The microcontroller revolution has accelerated the development of tools available to the electronics industry. Multimeters (recently, DMMs) and oscilloscopes (recently, DSOs) have been a staple of electronics workbenches for decades, along with signal generators, frequency counters, and other specialized tools.
All of these tools, however, have generally been made to make measurements of basic quantities — voltage, current, frequency, or perhaps subtler measurements like capacitance or even complex impedance, in the case of LCR meters. The intelligence has always been, ostensibly, with the operator.
Tools like automated component testers are starting to change that. Instead of having to know what a particular component is and find the right instrument or come up with a test procedure, these devices help play detective for you. Connect a mystery component across two or three terminals, lower the latch, press the big blue button that is literally the only control on the unit, and it (usually) tells you what the component is, which terminal is which (if it matters), and even the specs.

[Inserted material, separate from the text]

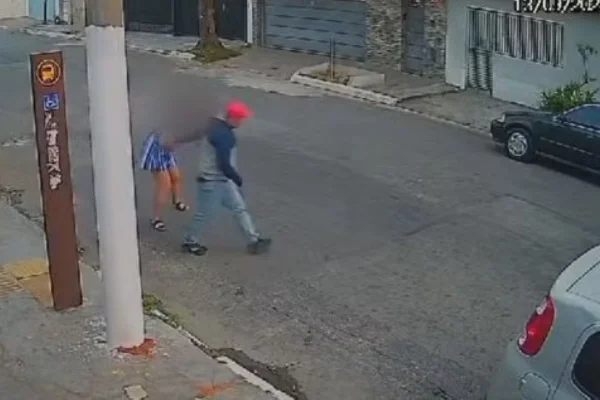 Homem tenta arrastar adolescente para dentro de carro na zona leste de SP - Metrópoles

For $15 or so, it would be a cool little device if it just did resistors; this kind of form factor can be convenient. But so far, I’ve seen it identify not only resistors, but diodes, FET and BJT transistors, capacitors, inductors, and (unreliably) combinations of two or more of the above, such as diode-plus-resistor combinations.
For components like diodes, it will give a good estimate of the forward voltage drop as well as the capacitance, which is easy to forget about until you wonder why your LED is acting like a capacitor.
…and knowing modern tech, there’s a good chance that it started life as an Arduino project.